**The input**
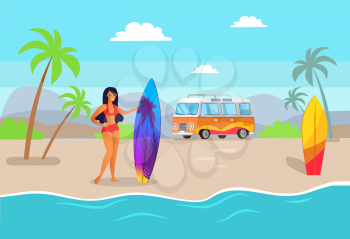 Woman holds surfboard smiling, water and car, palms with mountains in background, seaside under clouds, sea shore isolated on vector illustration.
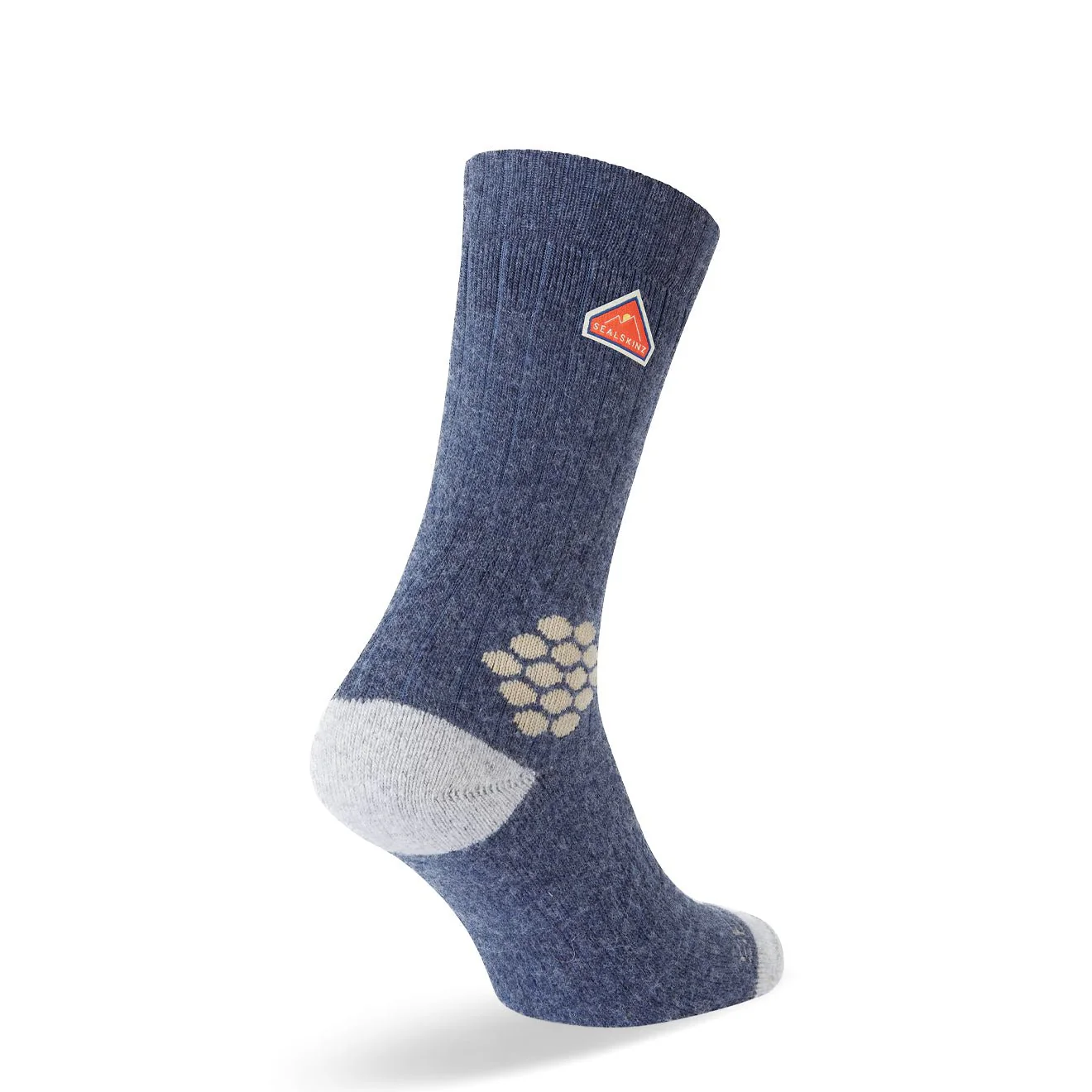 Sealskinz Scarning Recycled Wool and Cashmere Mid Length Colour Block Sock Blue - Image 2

--

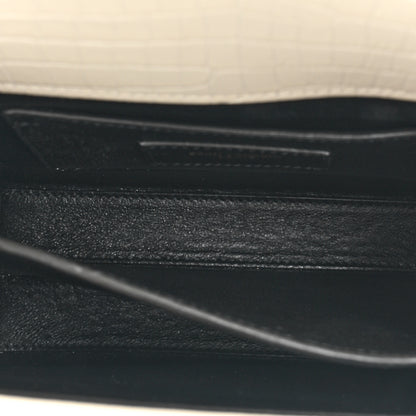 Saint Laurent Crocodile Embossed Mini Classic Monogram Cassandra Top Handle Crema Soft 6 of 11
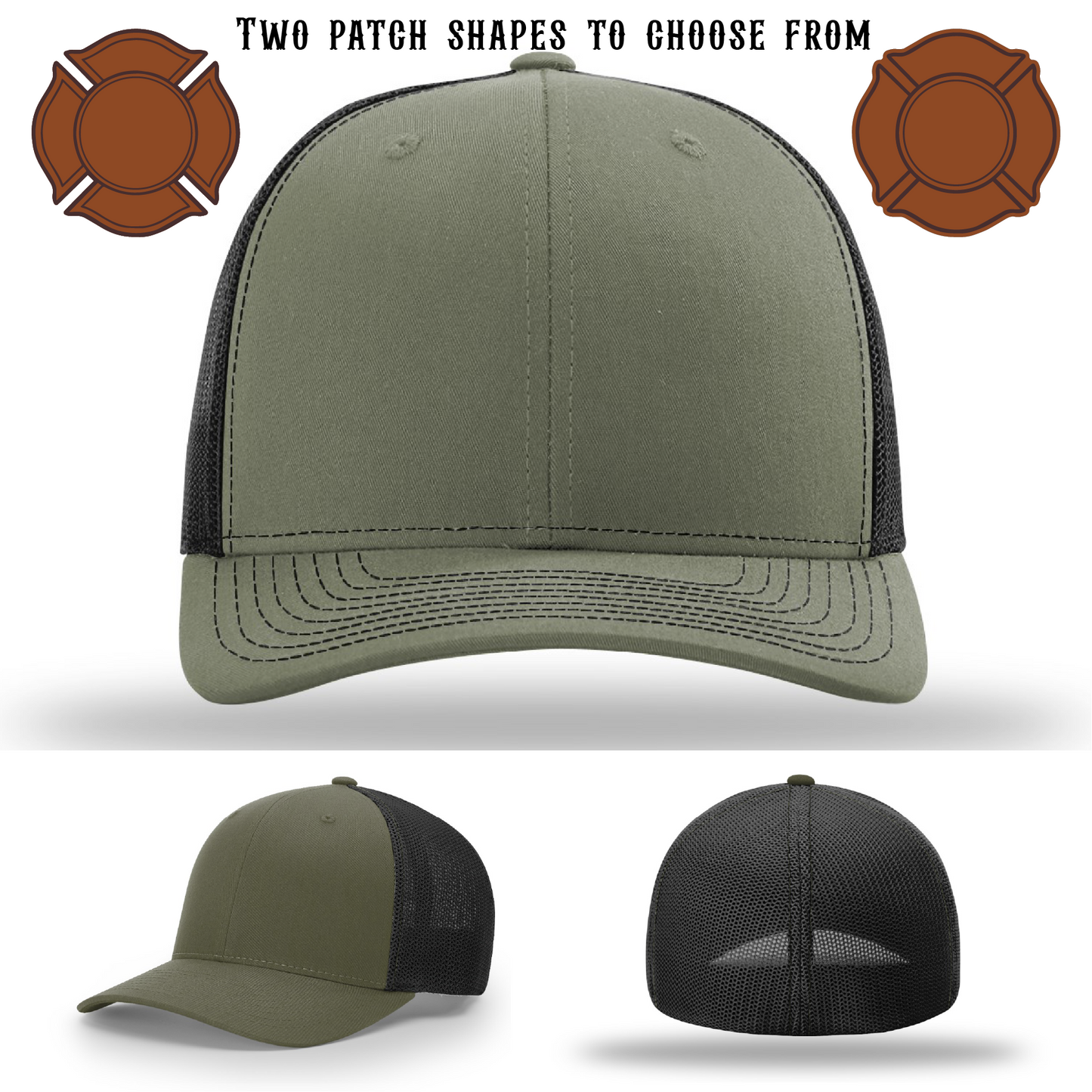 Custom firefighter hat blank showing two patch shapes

* * *

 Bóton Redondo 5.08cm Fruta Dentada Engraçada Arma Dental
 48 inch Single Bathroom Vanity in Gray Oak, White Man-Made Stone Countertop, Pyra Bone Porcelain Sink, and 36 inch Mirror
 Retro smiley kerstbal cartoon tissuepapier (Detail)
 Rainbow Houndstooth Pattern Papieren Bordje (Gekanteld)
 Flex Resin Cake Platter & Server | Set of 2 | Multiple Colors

**Activity**
Transcribe, exactly and without pictures, everything in the data from the line with "Woman holds surfboard" down to the line with "Sealskinz Scarning Recycled", both included.

**Answer to the exercise**
 Woman holds surfboard smiling, water and car, palms with mountains in background, seaside under clouds, sea shore isolated on vector illustration.
 Sealskinz Scarning Recycled Wool and Cashmere Mid Length Colour Block Sock Blue - Image 2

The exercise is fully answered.